A lot of people have a fun backstory behind their names. Maybe it’s in relation to a family member, their parents’ interests, or what their names mean. For folks in the US or English speaking countries, there might be more standard sounding names that are easy to pronounce.
My name happens to be fairly common and easy to pronounce for folks and easy to spell. My maiden name however was not – Eble. I remember the painful first day of class when the teacher would try to say my last name and never get it right. While this isn’t at all the same as the adversity folks with very unique names or names that are from countries outside of their home countries, yet I still remember that experience of feeling different, othered, and embarrassed. Being called “Eble Rebel” on the playground or “Julie Pebble” were not my favorite childhood memories.

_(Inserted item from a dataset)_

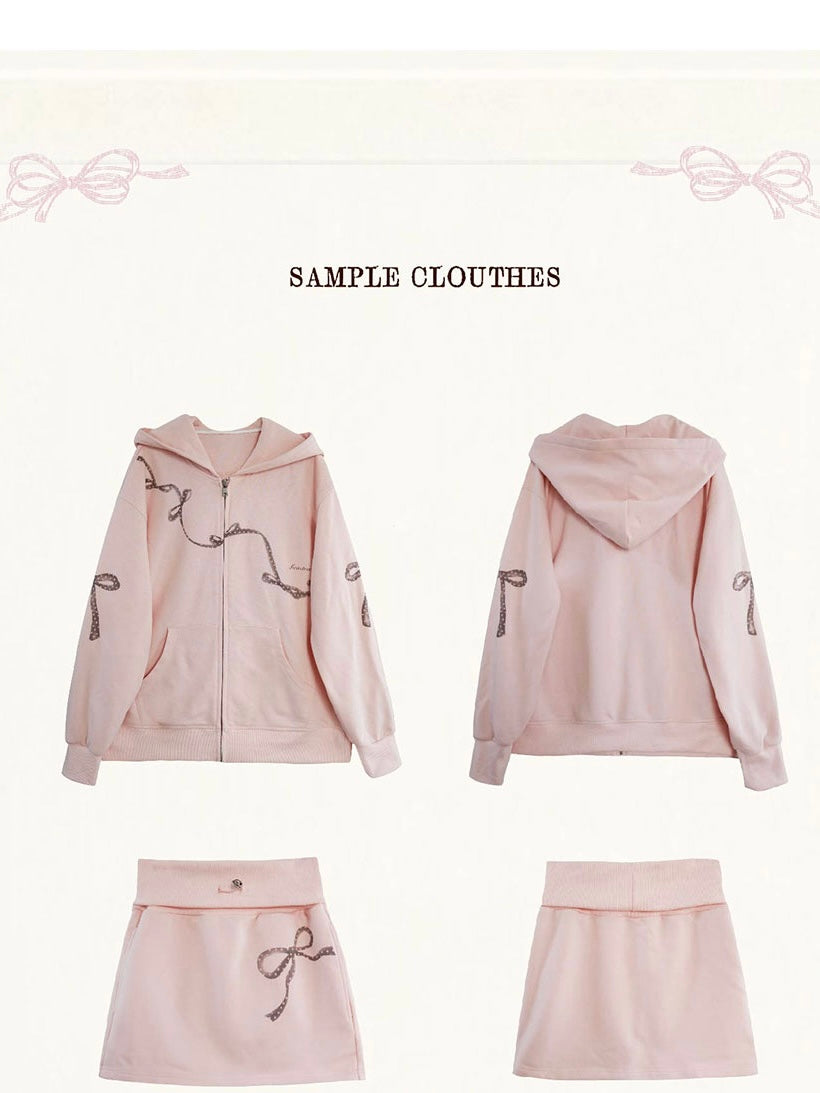 Get trendy with Sic Astra Soft Baby Pink Ribbon Hoodie Skirt Set - Accessories available at Peiliee Shop. Grab yours for $38 today!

Learning someone’s name protects them from shame.
When someone doesn’t say your name correctly or doesn’t even attempt to say it because they don’t know how it provokes primal fear in us. A fear of not belonging or fitting in. A fear of not being accepted with our unique identity. It’s much bigger than just saying someone’s name.
Signal you want to be an ally by sharing your name pronunciation.
LinkedIn has a feature where you can record your name being pronounced to signal you want to be inclusive of learning other people’s names. You can also add your pronunciation to your email signature and on Zoom you can phonetically spell out your name to help people pronounce it correctly on the call. Look it up. There are some great websites that can help you.
As Ruchika Tulshyan states in her article “If You Don’t Know How to Say Someone’s Name, Just Ask,” it is a chance to be an ally for someone different from you as you learn about them, their name, and their identity. Alyse Kalish also recommends these tips in her article “5 Ways to Avoid Awkwardness When You Don’t Know How to Pronounce Someone’s Name”:
1. Look for a Recording or Find a Phonetic Spelling
2. Phone a Friend
3. Really Listen During the Introduction
4. Avoid Saying the Name for as Long as Possible
5. Just Ask (Politely)
The key is to not avoid saying someone’s name for a long time if you don’t know how to say it. You can easily pick up cues and clues as you get to know the person to appropriately say their name.
Watch out for bias with names
One study found that resumes with white-sounding names were 28% more likely to get a callback for a job interview. Many companies use name scrubbing software that also removes addresses and universities as this can also signal bias. The key is that we are naturally attracted to people like us. It’s called affinity bias. We all have it and we all have to proactively manage it.
We learn more from people different from us.
While we might gravitate towards people with similar backgrounds and lived experiences to us, one of the best ways we can learn is from people different from us with different backgrounds and lived experiences. This is why diverse and inclusive teams outperform those that are not as diverse and inclusive. Different perspectives help us create more innovative ideas, solve problems more deeply, and better reflect the needs of our customers and communities of which we hope to serve.
Learning someone’s name is a way to unlock more diversity and inclusion on your team. It’s a signal that you want to accept folks different from yourself and you’re willing to go through the discomfort of learning something new. You might feel vulnerable or uncomfortable saying the name and not knowing if it’s right. My experience has been trying to say someone’s name as best you can and then saying “I’m not sure if I got that right” is better than not saying someone’s name or asking someone to say their name again when they already introduced themselves.